→ **What this task involves**
From the data that follows, set down exactly the lines from the one with "7410 Gorgeted Quail Grove" through the one with "LOWER - 95 BROWNING", counting both. Pictures stay out.

→ **Data for this exercise**

>>>>

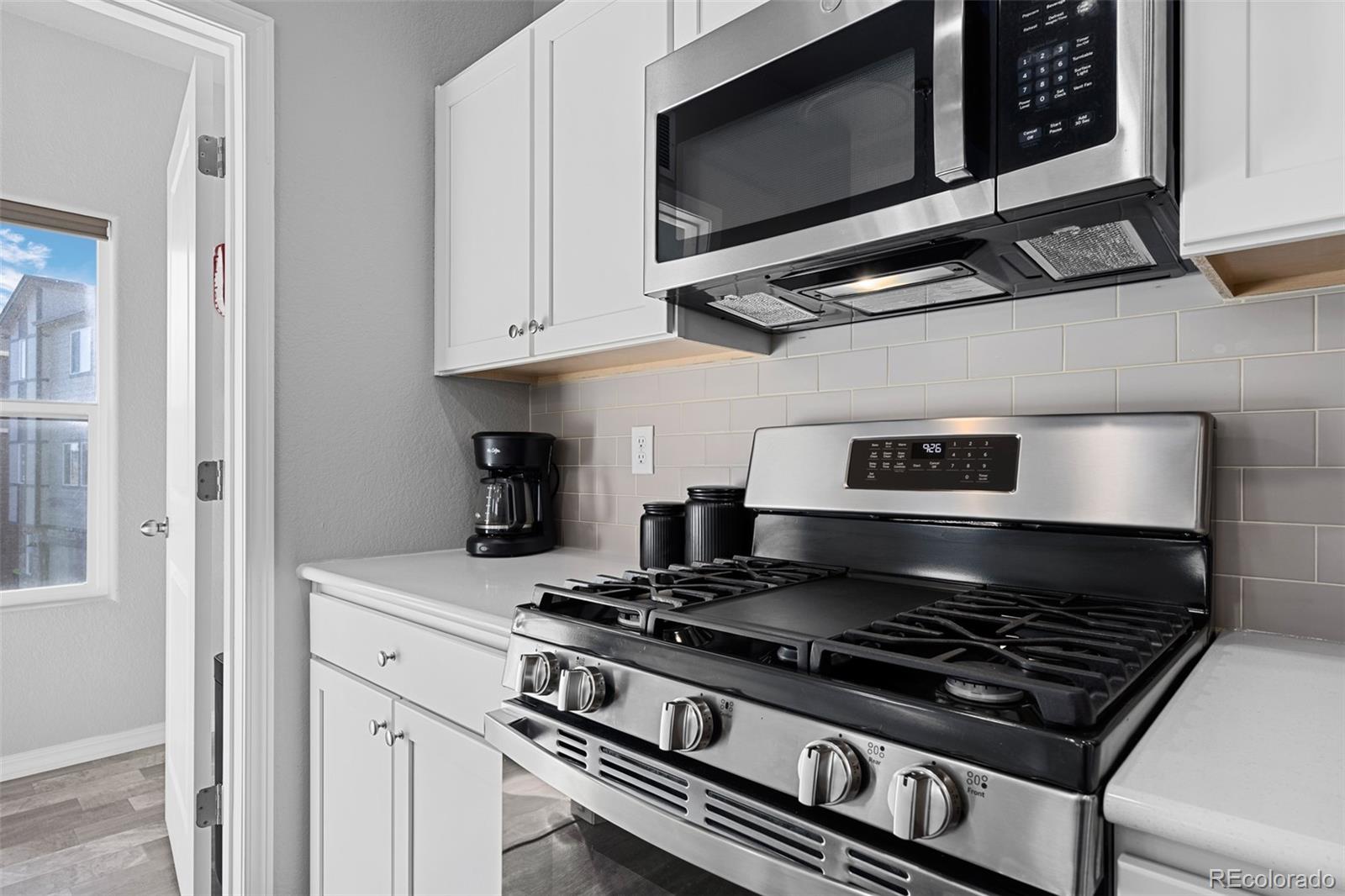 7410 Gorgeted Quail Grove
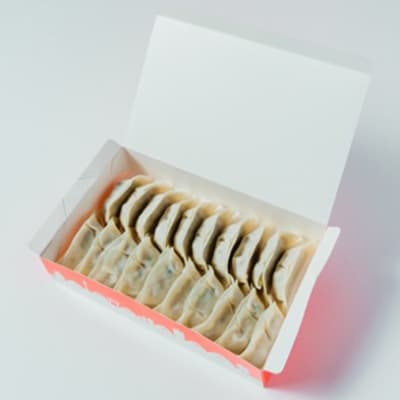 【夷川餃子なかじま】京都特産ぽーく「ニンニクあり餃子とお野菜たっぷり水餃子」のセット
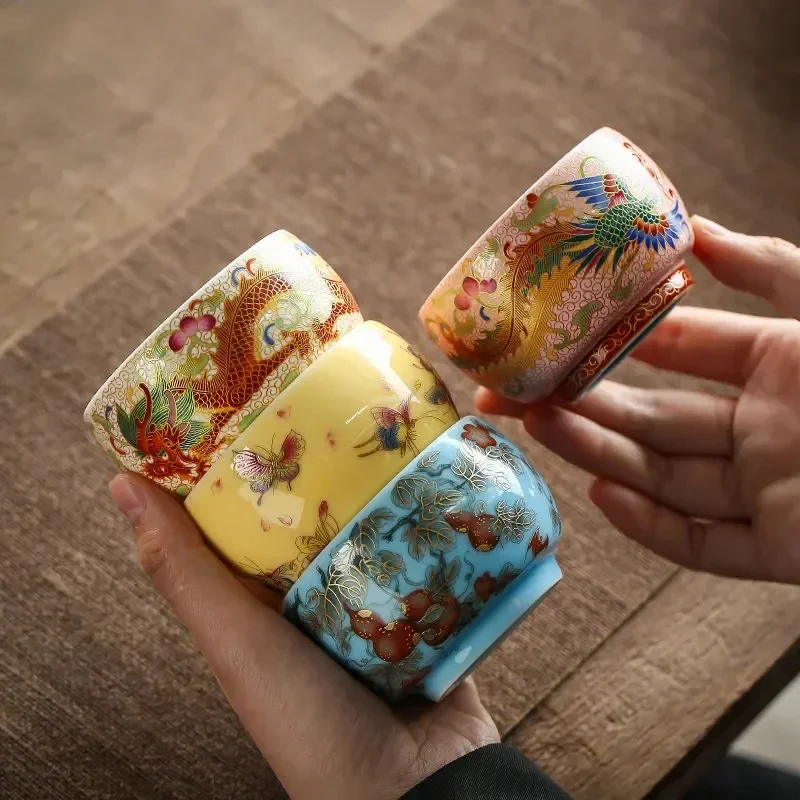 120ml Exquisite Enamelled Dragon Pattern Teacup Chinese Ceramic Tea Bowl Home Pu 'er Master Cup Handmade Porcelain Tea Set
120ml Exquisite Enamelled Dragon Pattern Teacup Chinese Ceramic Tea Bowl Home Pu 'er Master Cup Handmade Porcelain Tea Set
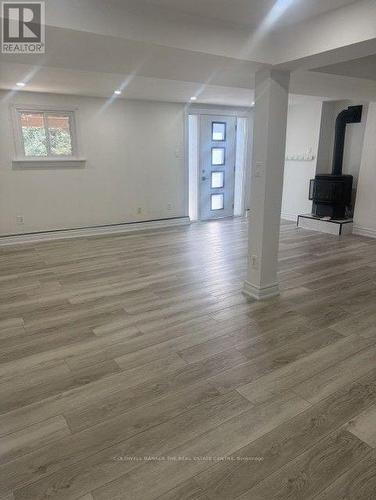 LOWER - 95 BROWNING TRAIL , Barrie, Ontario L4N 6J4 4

<<<<
>>>>

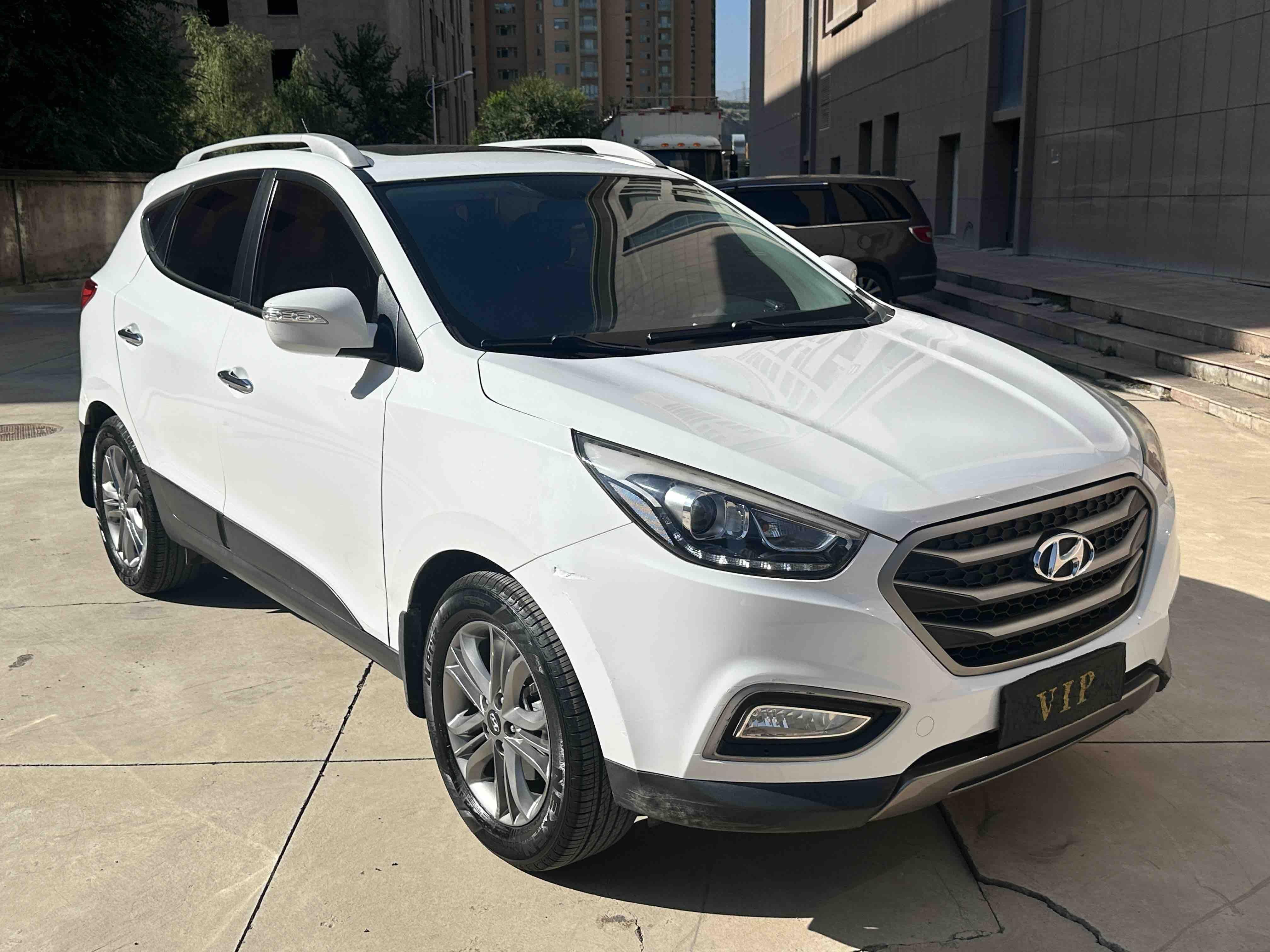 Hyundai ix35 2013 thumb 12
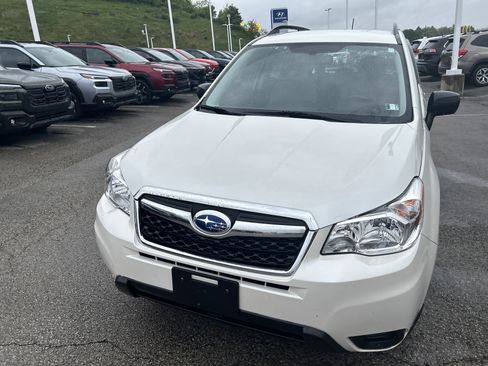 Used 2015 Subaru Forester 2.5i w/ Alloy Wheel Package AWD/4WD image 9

<<<<
>>>>

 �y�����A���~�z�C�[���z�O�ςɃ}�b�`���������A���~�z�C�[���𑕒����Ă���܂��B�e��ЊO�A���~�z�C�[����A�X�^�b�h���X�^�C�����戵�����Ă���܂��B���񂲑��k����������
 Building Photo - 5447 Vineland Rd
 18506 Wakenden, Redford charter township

<<<<

→ **Reply to the exercise**
 7410 Gorgeted Quail Grove
 【夷川餃子なかじま】京都特産ぽーく「ニンニクあり餃子とお野菜たっぷり水餃子」のセット
 120ml Exquisite Enamelled Dragon Pattern Teacup Chinese Ceramic Tea Bowl Home Pu 'er Master Cup Handmade Porcelain Tea Set
120ml Exquisite Enamelled Dragon Pattern Teacup Chinese Ceramic Tea Bowl Home Pu 'er Master Cup Handmade Porcelain Tea Set
 LOWER - 95 BROWNING TRAIL , Barrie, Ontario L4N 6J4 4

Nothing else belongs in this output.